# Forum > Diablo 2 Resurrected > Diablo 2 Resurrected Bots and Programs > [Release] STOP paying for maphacks

## LP6

STOP paying for maphacks and join our free community MH instead! Join us in Discord for unlimited resources, helpful members who are there 24/7 support--all without restrictions or monthly fees like other sites offer you on their site alone (not even mentioning how much they cost).

Github: GitHub - misterokaygo/D2RAssist
Discord: D2RAssist (Free D2R Maphack)

----------


## mikedarling905

i dont want to, but hard to trust what is real. back in d2classic days this was easy to find and trust now. not so much

----------


## LP6

This one is 100% real man. Just need to put in some work to get it running

----------


## Zongfoo

> This one is 100% real man. Just need to put in some work to get it running


IF ... this is legit, then you need to seriously change your pitch. There's no way I would trust someone who just created a new account, and no videos/images. Plus, as "nice" as free can be, it's just another red flag. Sorry bud.

----------


## evanwier

> IF ... this is legit, then you need to seriously change your pitch. There's no way I would trust someone who just created a new account, and no videos/images. Plus, as "nice" as free can be, it's just another red flag. Sorry bud.

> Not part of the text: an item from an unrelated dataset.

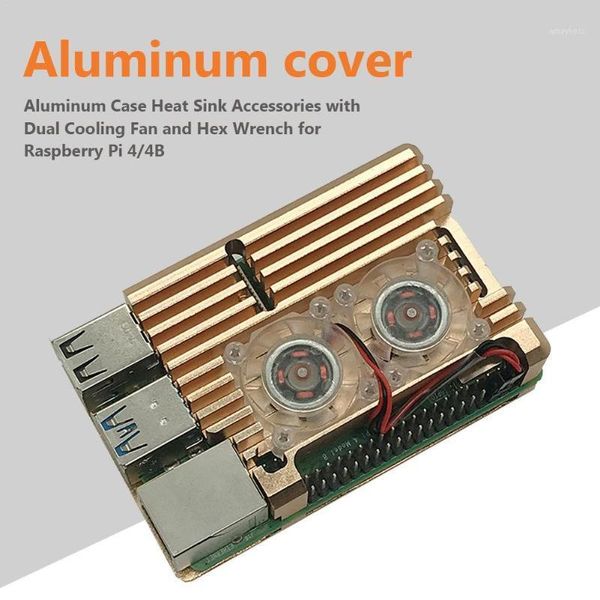 aluminum case heat sink accessories with dual cooling fan and hex wrench for raspberry pi 4/4b1
aluminum case heat sink accessories with dual cooling fan and hex wrench for raspberry pi 4/4b1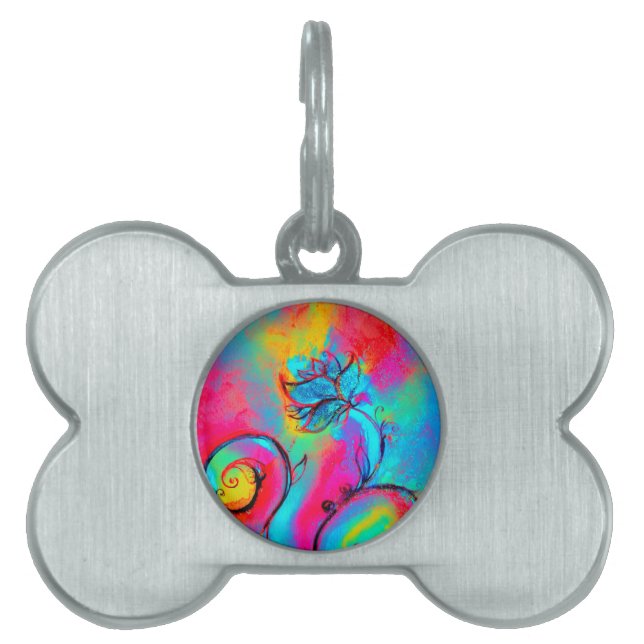 Médaillons Pour Animaux Domestiques FLEURS BLANCHES rose jaune turquoise bleu (Devant)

jesus christ you people really dont trust blizzhackers? install D2+LOD1.13c and run it. There's no tricks. Its fucking embarrassing that people are paying for THIS EXACT MAPHACK ON THIS FORUM - its just people hosting an endpoint so you dont have to install d2 which takes like 15 minutes max.

----------


## Mojoguy01

> jesus christ you people really dont trust blizzhackers? install D2+LOD1.13c and run it. There's no tricks. Its fucking embarrassing that people are paying for THIS EXACT MAPHACK ON THIS FORUM - its just people hosting an endpoint so you dont have to install d2 which takes like 15 minutes max.


It's because there have been so many scammers around, and the admins on this forum aren't banning them. =v

----------


## HolGORE

> jesus christ you people really dont trust blizzhackers? install D2+LOD1.13c and run it. There's no tricks. Its fucking embarrassing that people are paying for THIS EXACT MAPHACK ON THIS FORUM - its just people hosting an endpoint so you dont have to install d2 which takes like 15 minutes max.


Is there any tutorial on how to use it? Maybe I'm blind and didn't find it. Ty

----------


## mjoe87

for tutorial check this out

----------


## TommyT

> IF ... this is legit, then you need to seriously change your pitch. There's no way I would trust someone who just created a new account, and no videos/images. Plus, as "nice" as free can be, it's just another red flag. Sorry bud.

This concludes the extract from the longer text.